[Saved data entries]
•••

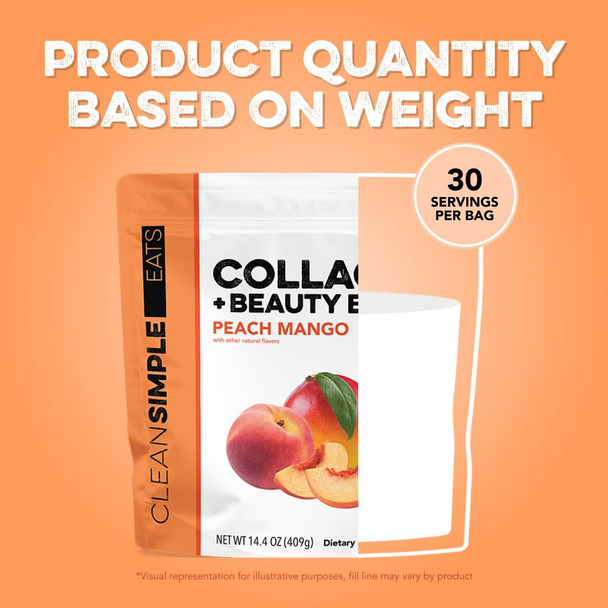 Clean Simple Eats Collagen Powder + Beauty Blend Peach Mango 11G Hydrolyzed Collagen Peptides from Grass Fed Bovine & Chicken Hyaluronic Acid for Hair Skin Nail & Joint Support 30 Servings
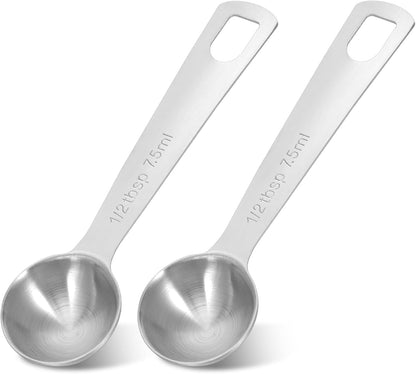 2Pcs 1 Teaspoon(1 Tsp | 1/3 Tbsp | 5 Ml | 5 Cc | 1/6 Oz) Measuring Spoons Stainless Steel Single Measuring Spoon Long Handle Scoop for Measuring Coffee Pet Food Grains Protein Spices Dry Goods -Silver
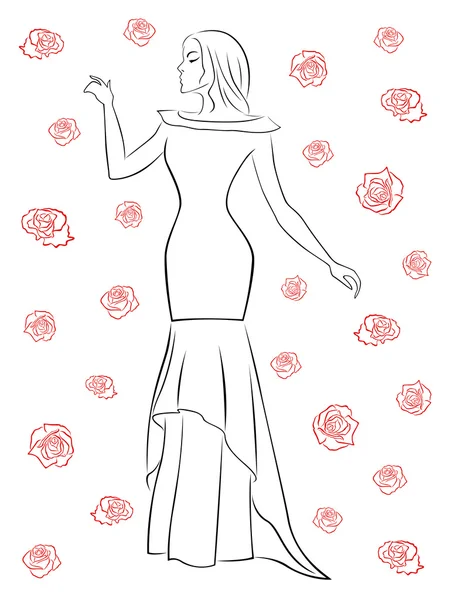 Mujer con estilo en un vestido largo entre rosas — Archivo Imágenes Vectoriales
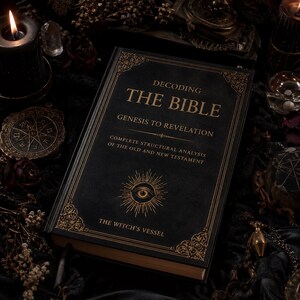 May include: A black hardcover book, titled "Decoding The Bible", with gold lettering and ornate corner designs. The book's cover features the text "Genesis to Revelation" and "The Witch's Vessel". The image has a dark, gothic aesthetic.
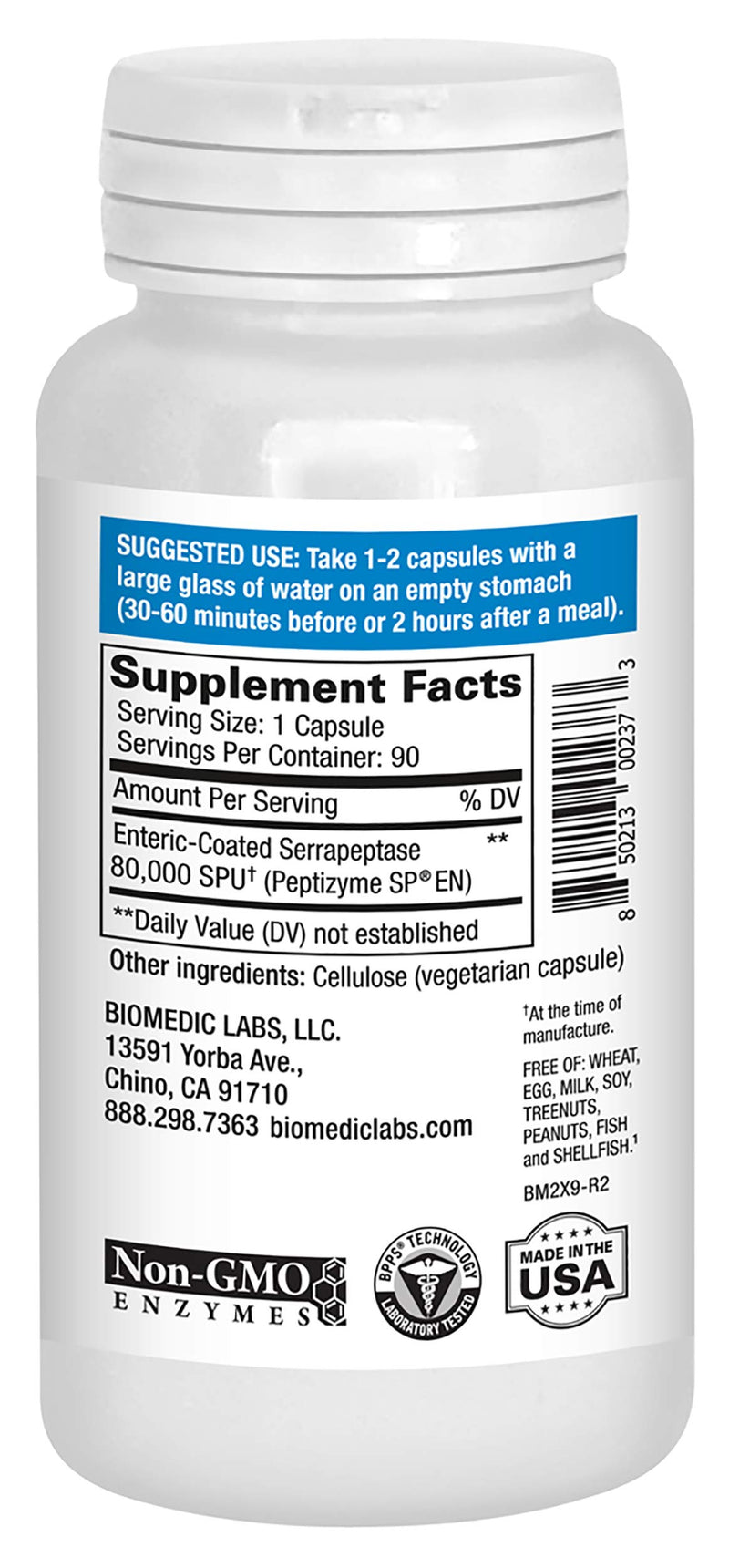 [Australia] - Serra-RX 80,000 SPU Serrapeptase - Enteric Coated Proteolytic Systemic Enzyme, Non-GMO, Gluten Free, Vegan, Supports Sinus & Lung Health, 90 Veg Capsules 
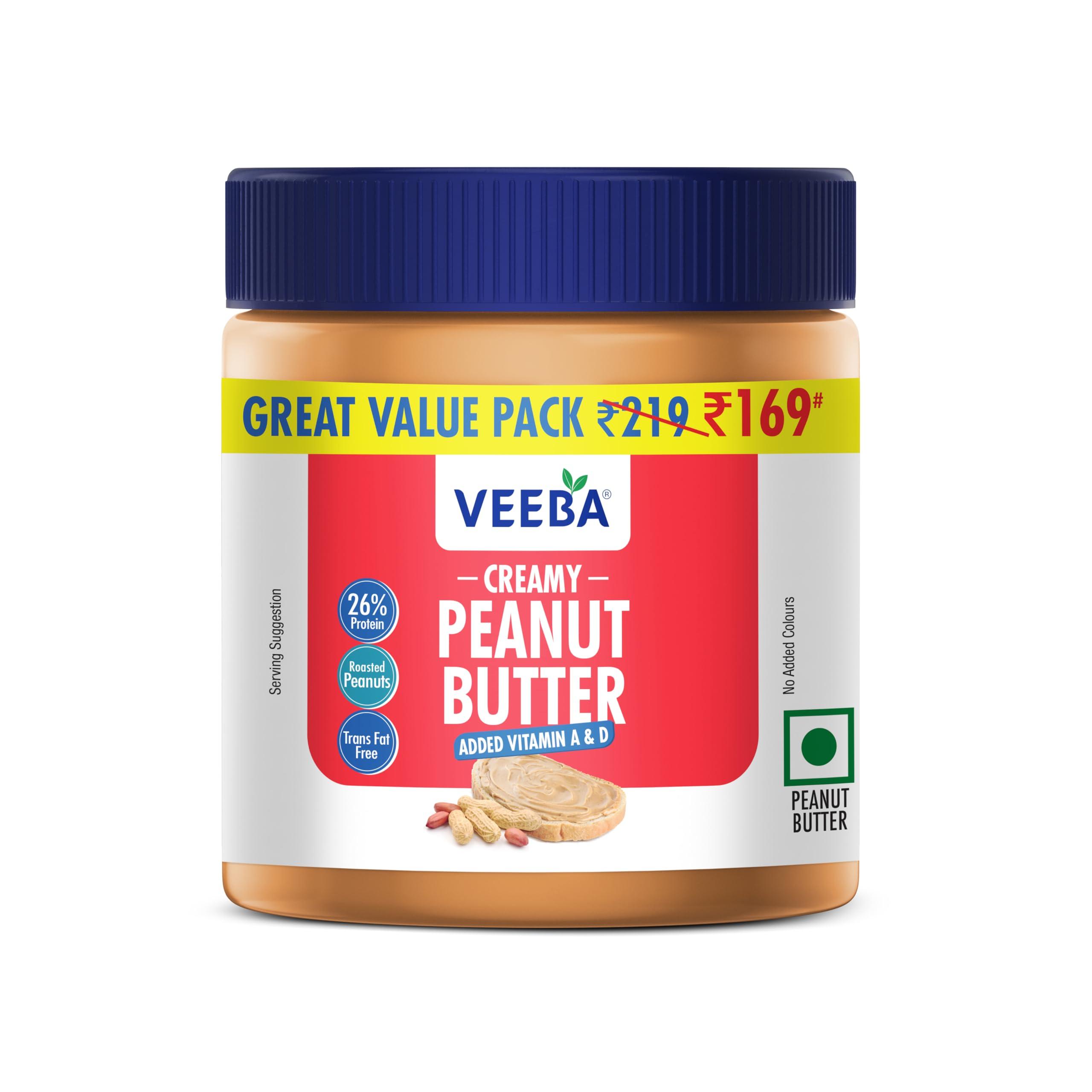 VEEBA Veeba Peanut Butter Creamy | Smooth | High Protein | Naturally Gluten Free | Vegan | Trans Fat Free | No Added Preservatives | Added Calcium, Iron, Vitamin A & D | No Added Colour & Flavour | Non GMO | 340 g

•••

Restate, word for word, each line from the line containing "Mujer con estilo" through the end of the entries above; the pictures are not part of the copy.

Response to this exercise =>
 Mujer con estilo en un vestido largo entre rosas — Archivo Imágenes Vectoriales
 May include: A black hardcover book, titled "Decoding The Bible", with gold lettering and ornate corner designs. The book's cover features the text "Genesis to Revelation" and "The Witch's Vessel". The image has a dark, gothic aesthetic.
 [Australia] - Serra-RX 80,000 SPU Serrapeptase - Enteric Coated Proteolytic Systemic Enzyme, Non-GMO, Gluten Free, Vegan, Supports Sinus & Lung Health, 90 Veg Capsules 
 VEEBA Veeba Peanut Butter Creamy | Smooth | High Protein | Naturally Gluten Free | Vegan | Trans Fat Free | No Added Preservatives | Added Calcium, Iron, Vitamin A & D | No Added Colour & Flavour | Non GMO | 340 g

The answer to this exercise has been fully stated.